オンライン英会話と通学型を併用するメリット|初心者向けの使い分け

通学型英会話教室とオンライン英会話を併用する大人初心者

オンライン英会話と通学型の英会話教室は、どちらか一方に決める必要はありません。大人初心者が併用するなら、通学レッスンで学習の方向と課題を整理し、オンライン英会話で短い会話練習を増やすという使い分けが分かりやすい方法です。
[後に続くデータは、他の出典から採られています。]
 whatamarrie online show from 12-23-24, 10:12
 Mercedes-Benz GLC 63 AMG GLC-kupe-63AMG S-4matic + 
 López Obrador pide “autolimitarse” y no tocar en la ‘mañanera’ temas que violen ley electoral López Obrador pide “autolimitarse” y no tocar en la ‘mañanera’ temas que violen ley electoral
併用のメリットは、単にレッスン回数が増えることではありません。対面で相談しやすい環境と、自宅から反復しやすい環境を組み合わせられることです。ただし、教材や講師の指示がばらばらになると迷いやすいため、主軸となる教室と、補助として使うオンライン英会話を決めましょう。

しゅみすけ(大山俊輔)

しゅみすけ(大山俊輔)

20年以上教室を運営してきて、レッスンの数より大切だと感じるのは、学んだことを別の会話で試す機会です。通学で一つ課題を決め、オンラインではその一つを繰り返すだけでも十分です。

オンライン英会話と通学型を併用する5つのメリット

1.通学で整理し、オンラインで会話回数を増やせる

通学型の教室では、講師やスタッフと顔を合わせながら、現在のレベル、目標、教材、復習方法を相談しやすい傾向があります。オンライン英会話は移動がなく、短い時間でも予約しやすいため、教室で決めたテーマを実際に話す回数を増やせます。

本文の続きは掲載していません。